Some results from our tournament simulations stand out:

With the exception of Michigan State, the actual Final Four teams were among the most probable to reach that round according to our model. Our model gave Michigan State very little at any round after the first.
We were clearly unable to foresee Virginia’s and Villanova’s early losses in the tournament. In our simulations, they advanced to the Sweet 16 75% and 88% of the time (respectively). The teams that beat them (Michigan State and North Carolina State) had correspondingly low probabilities of victory in our simulations.
Based on pre-tournament data, Michigan State reaching the Final Four is the unlikeliest observed outcome in terms of our simulation. The numbers show that Tom Izzo (MSU’s coach) is known to outperform in the NCAA Tournament. Adding a “coached by Tom Izzo” dummy variable may have been the single best thing we could have done to improve our model.
The University of Alabama-Birmingham’s upset of Iowa State was the biggest upset in terms of our simulation prediction.
Lowly Harvard had little chance against North Carolina, let alone potential later tournament matchups. They did, however, manage to make the Final Four 4 times in our simulation (0.2% of the time).

Ultimately, our simulations proved satisfying in some regards and less so in others. The latter cases illustrate the Madness of March: in a big enough tournament field, even the unlikeliest team has a chance to prevail. The 1998 women’s Crimson-Cardinal matchup shows that anything can happen.

Certain tournament rounds are particularly interesting for analysis: the Final Four and championship game. We were interested in how our model would perform when predicting the actual Final Four (Kentucky, Wisconsin, Michigan State, and Duke), as well as Duke’s besting of Wisconsin in the championship game. As only a small number of our simulations from above might actually feature these matchups, we opted to re-simulate both rounds using our entire posterior sample.
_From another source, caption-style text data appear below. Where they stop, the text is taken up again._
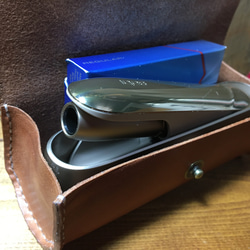 手縫い牛本革　leatherポーチ　IQOS3  /  IQOS3DUO ☘️アンティークwild仕様 6枚目の画像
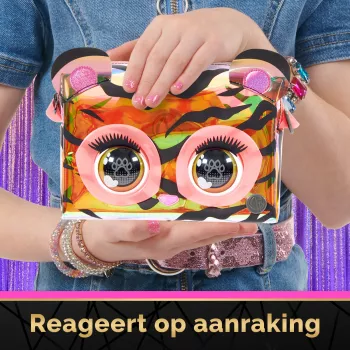 Purse Pets, Purrisma interactief tijger-huisdier-speelgoed & schoudertas, meer dan 30 geluiden & reacties, kinderspeelgoed voor meisjes & tweens
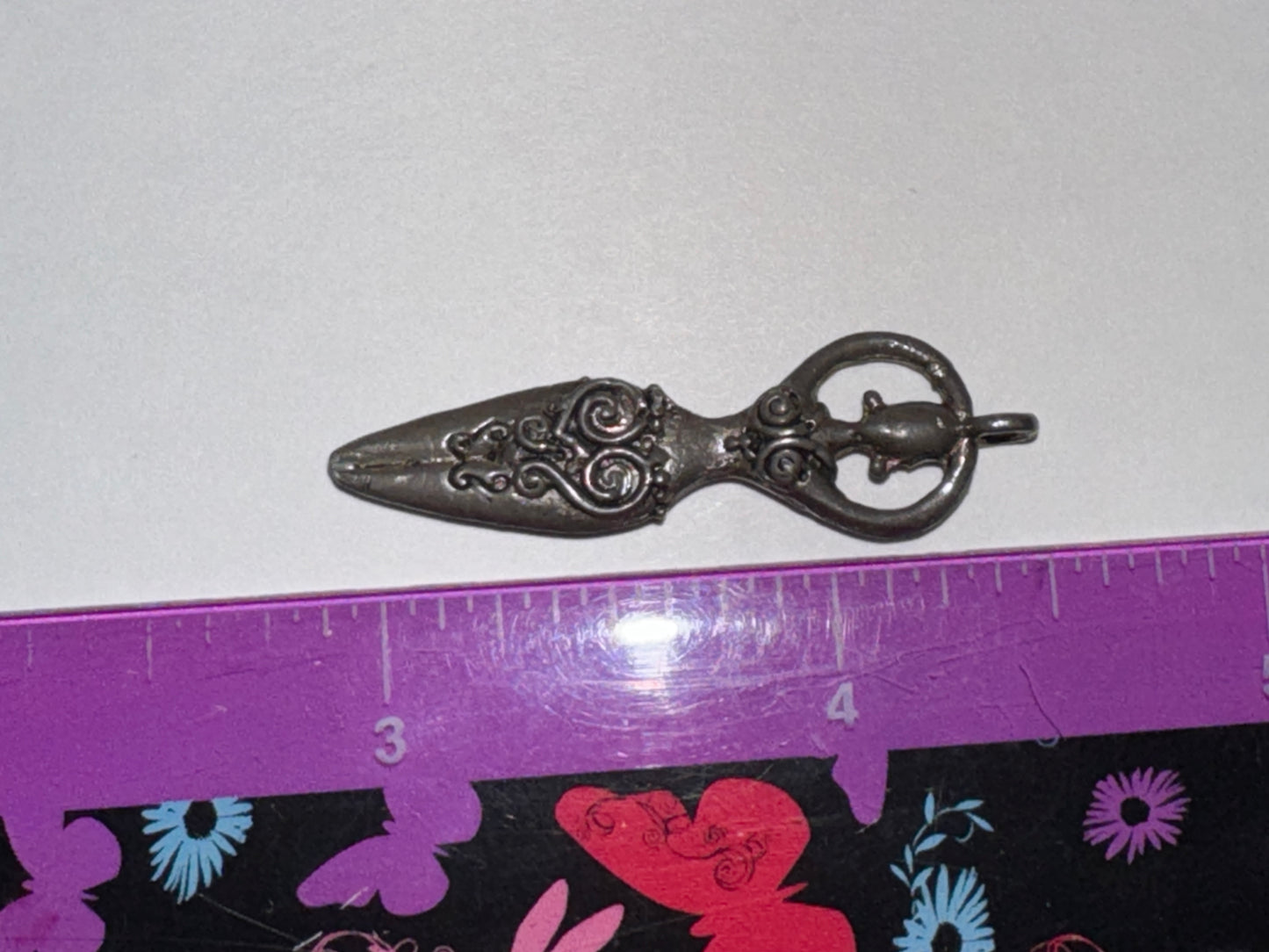 Silver Ornate Celtic Goddess Pendant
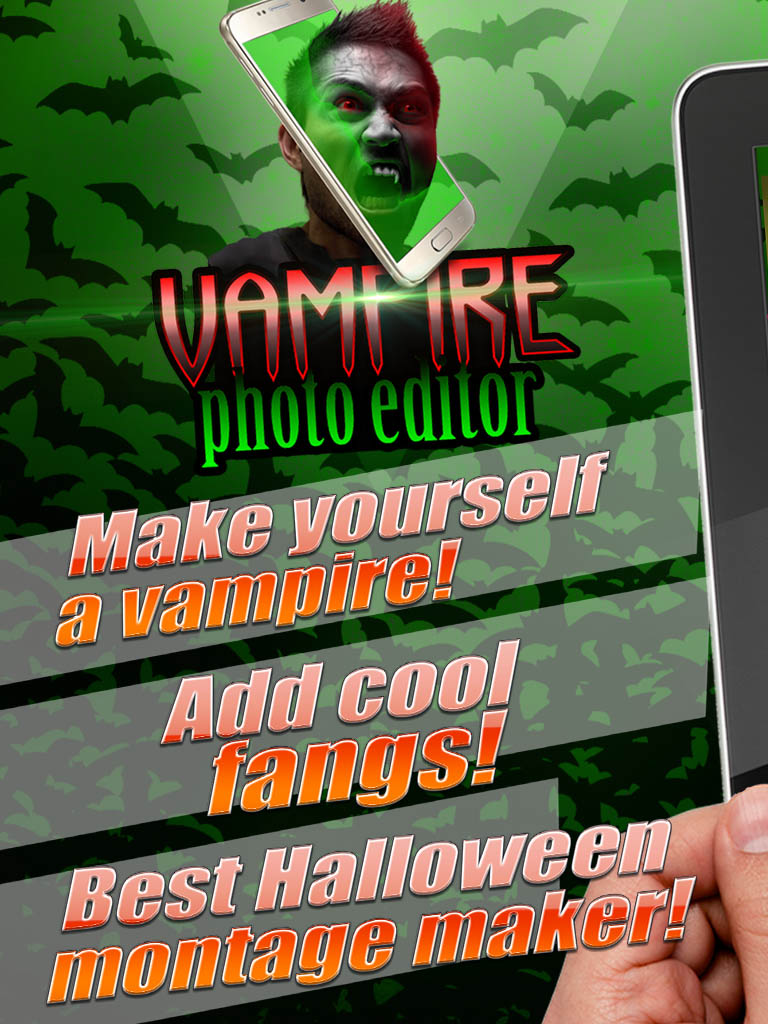 Vampire Photo Editor – Vampirize Yourself with Scary Face Changer Montage Maker & Horror Stickers screenshot 6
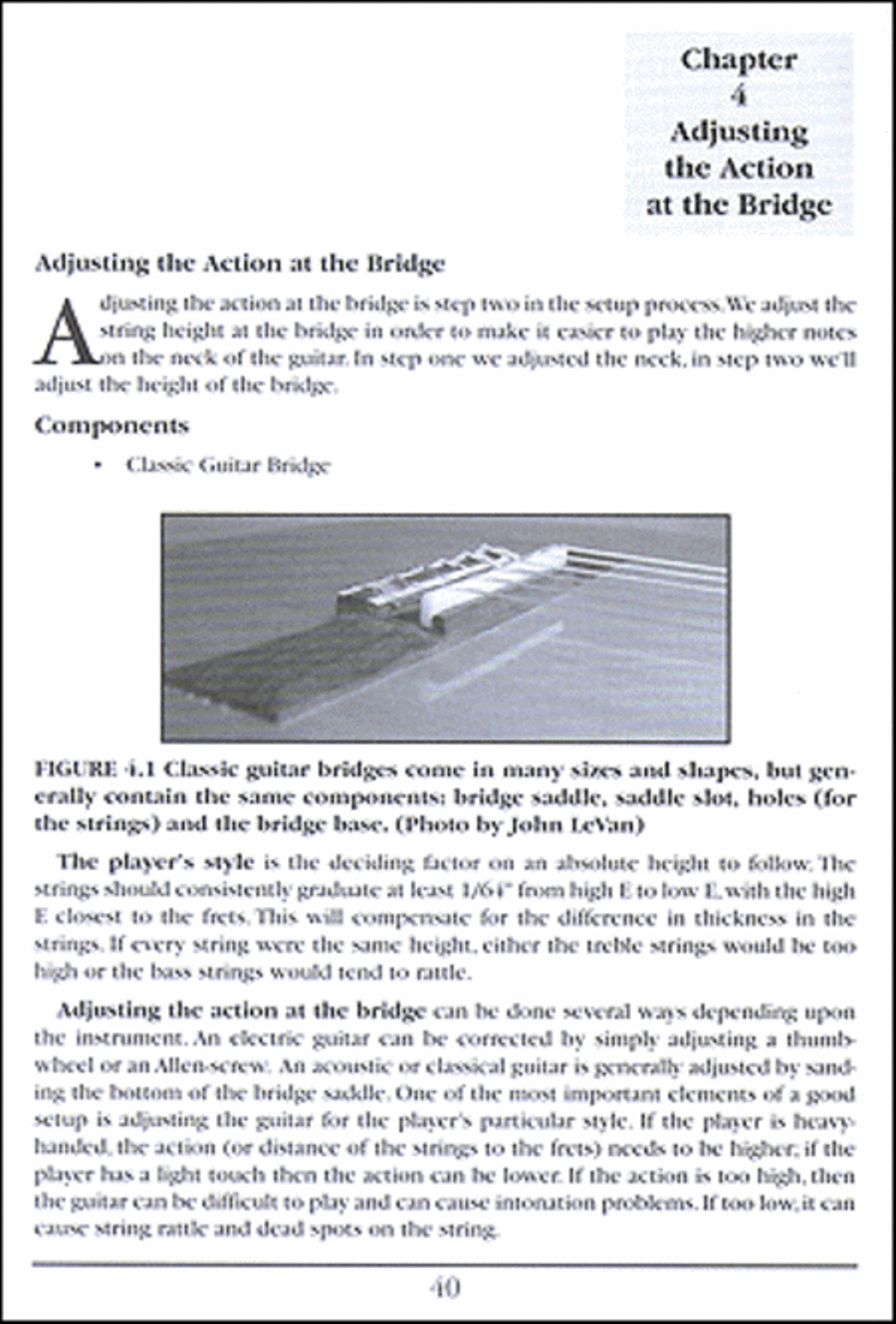 FAQ: Classic Guitar Care and Setup Acoustic Guitar scores gallery preview page 4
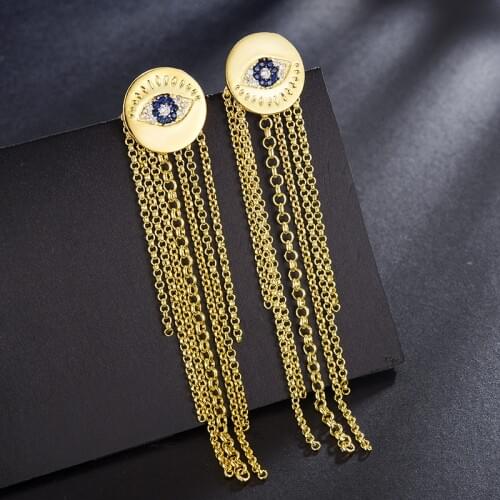 Red Trees Brand Design Fashion Punk Earrings Wholesale Long Tassel Earrings Women Christmas / New Year Gift Drop Shipping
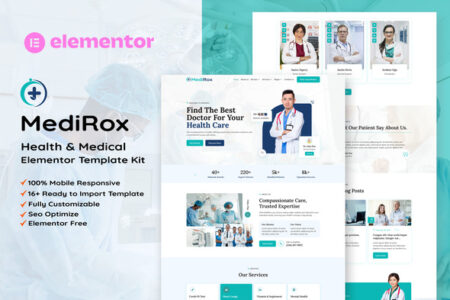 Medi Rox Health & Medical Elementor Template Kit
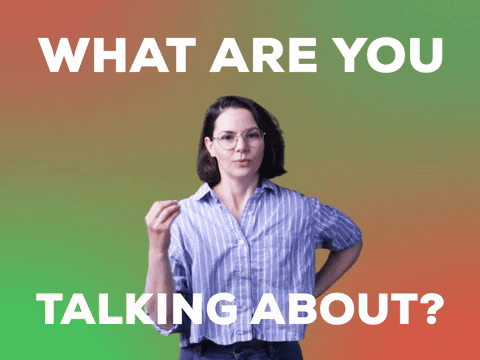 What Are You Talking About Right Now GIF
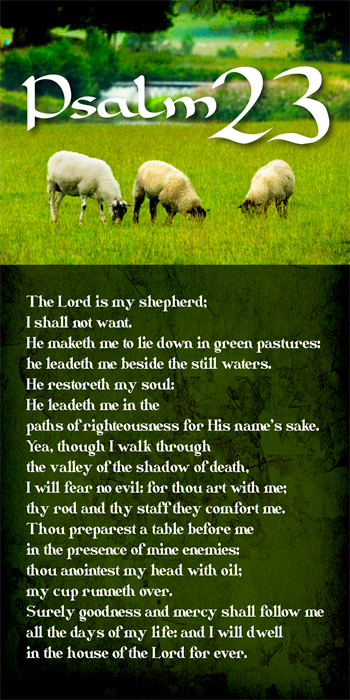 Psalm 23 (Pack of 10) - Glad Tidings Publishing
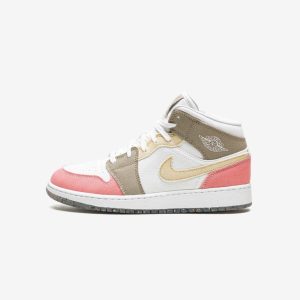 Air Jordan 1 Mid SE Pastel Vivid Green Grind (GS)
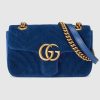Gucci GG Marmont Mini Chain Shoulder Bag in Velvet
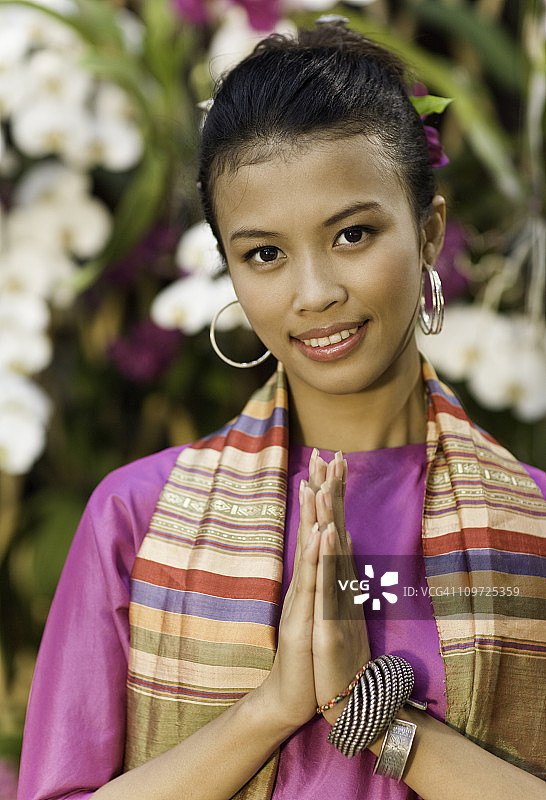 传统的泰国女人图片素材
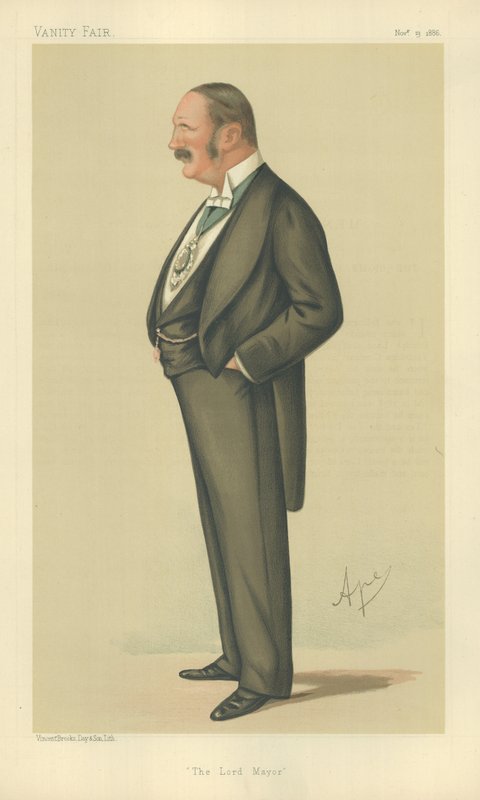 Sir Reginald Hanson, Il Diritto Onorevole Il Sindaco di Londra da Carlo Pellegrini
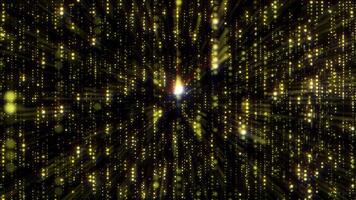 A computer screen with many dots and lines video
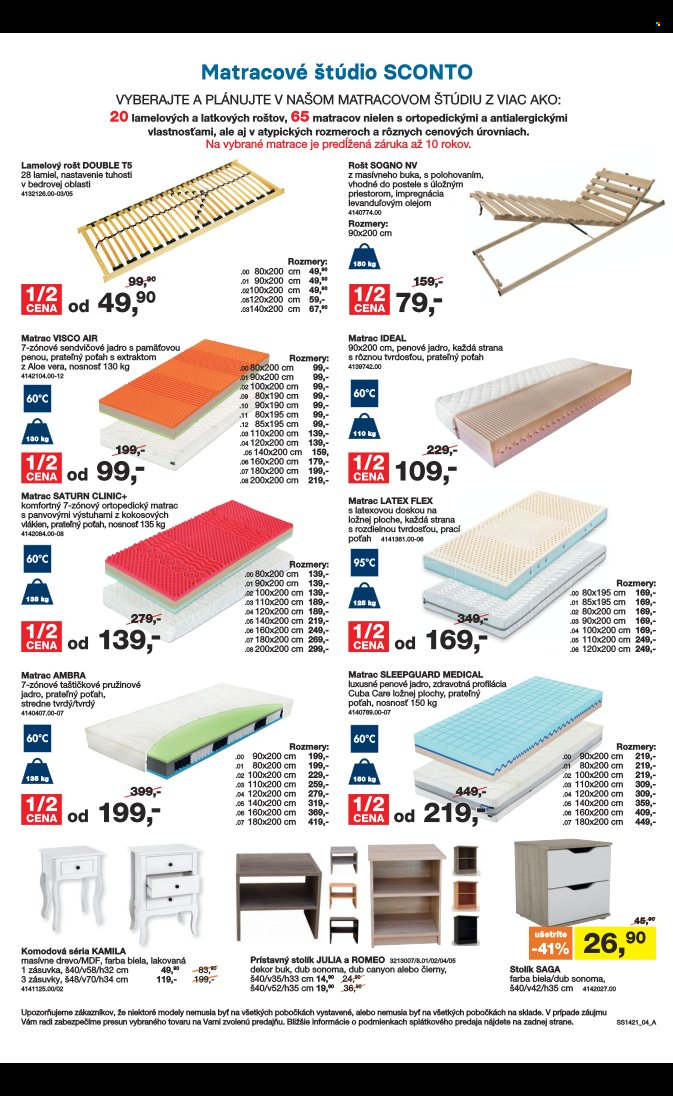 Leták Sconto nábytok - 5.11.2021 - 25.11.2021. Strana 4
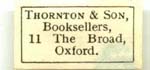 Thornton & Sons Booksellers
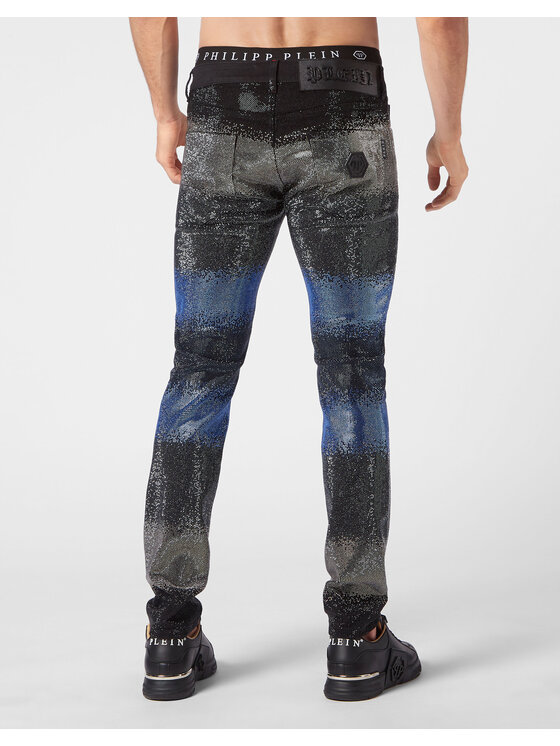 PHILIPP PLEIN PHILIPP PLEIN Jeansy 4351 Kolorowy Straight Leg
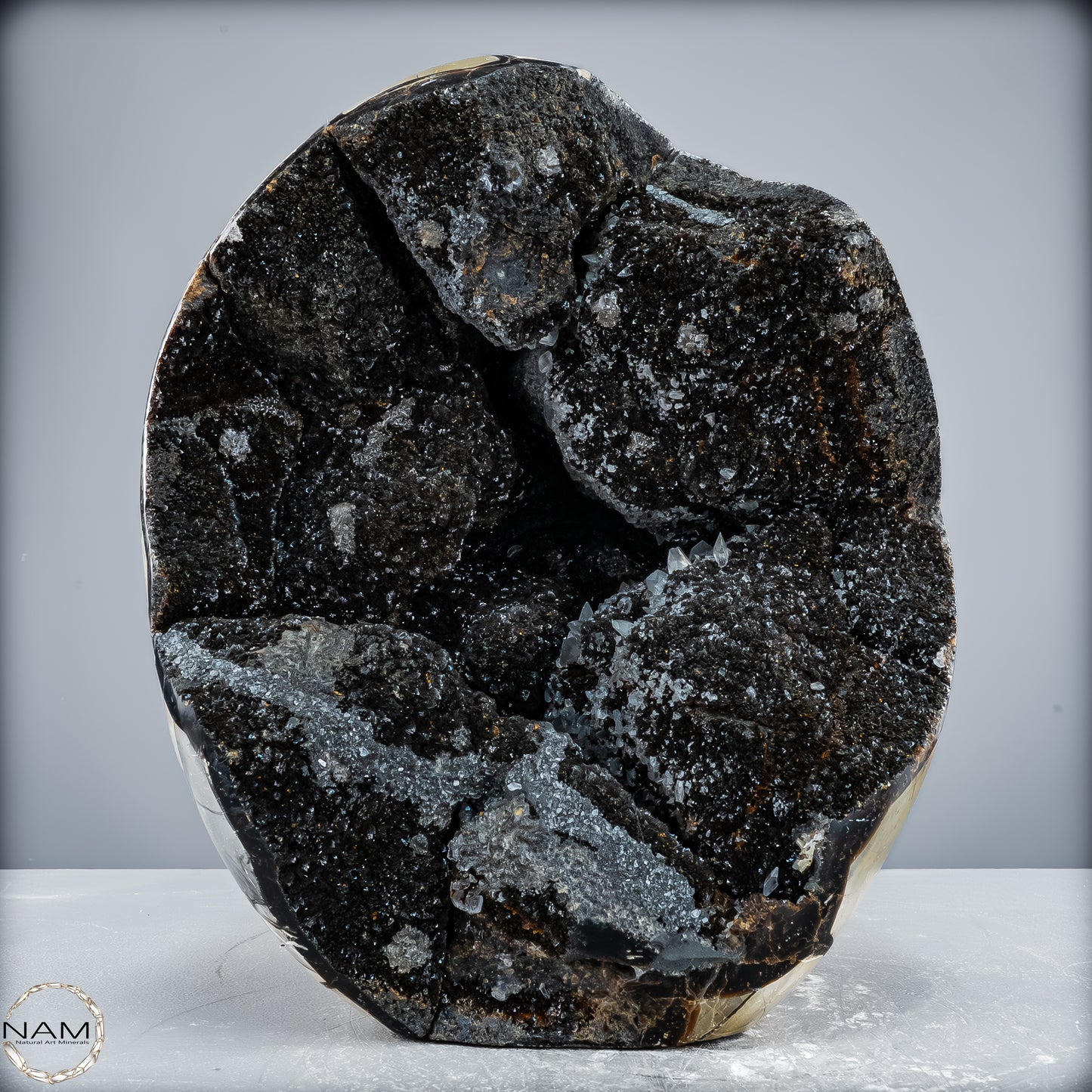 Natürliche Septarien Druse mit Calzit Kristallen, Spitzenqualität - 12487,32g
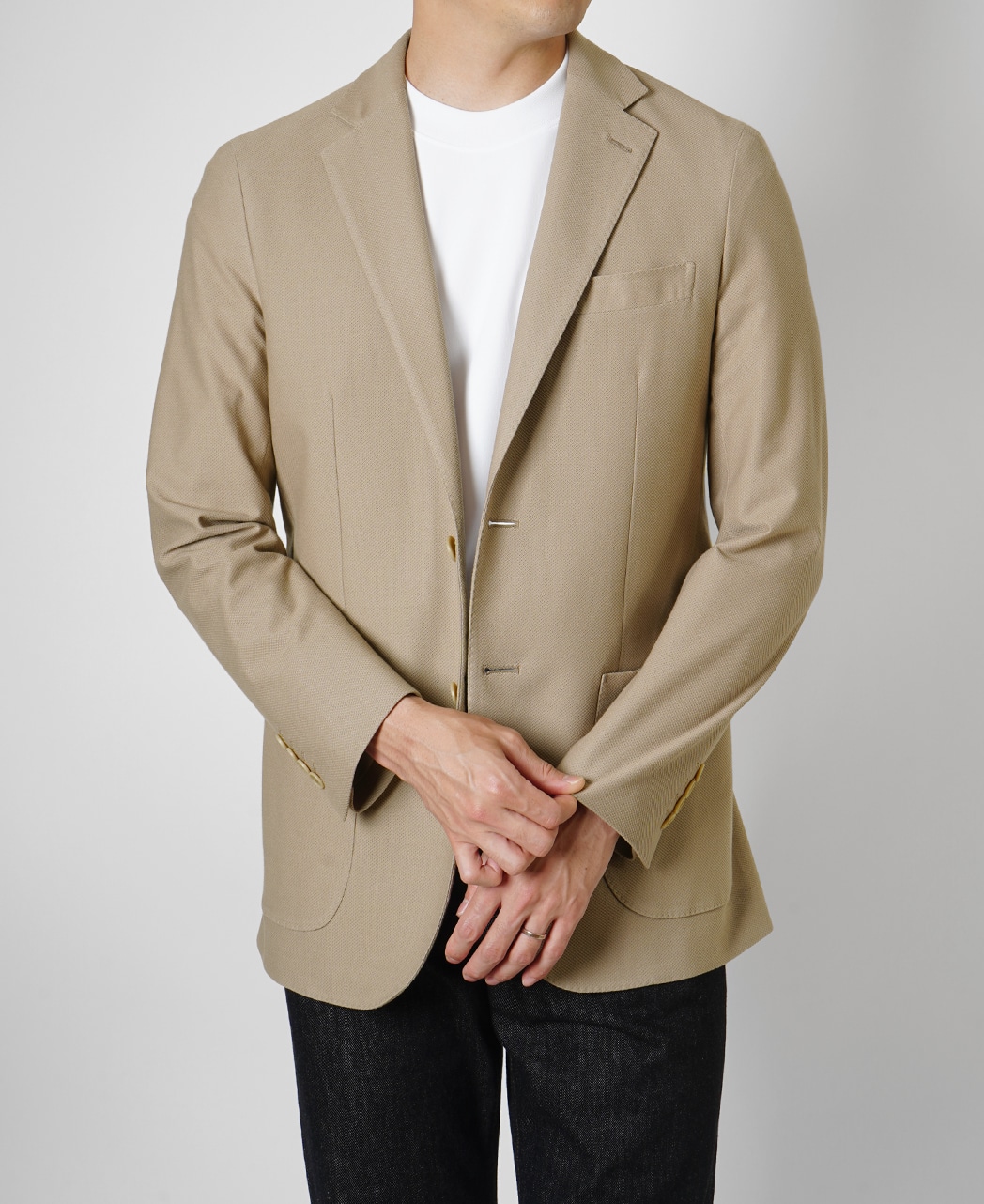 ストレッチジャケット(44 ベージュ系): メンズ｜メーカーズシャツ鎌倉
As expected, even when Michigan State had reached the Final Four, its chances of advancing to—or winning—the championship were remote. According to our model, Duke’s real-life victory was not a surprise. However, our model predicted a Kentucky victory over Wisconsin, and that either of those two teams would defeat Duke. Wisconsin’s victory over Kentucky and Duke’s win in the championship was therefore the unlikeliest of all outcomes that featured a Michigan State loss. Simulating the actual championship matchup, Wisconsin beat Duke 65% of the time in our simulations.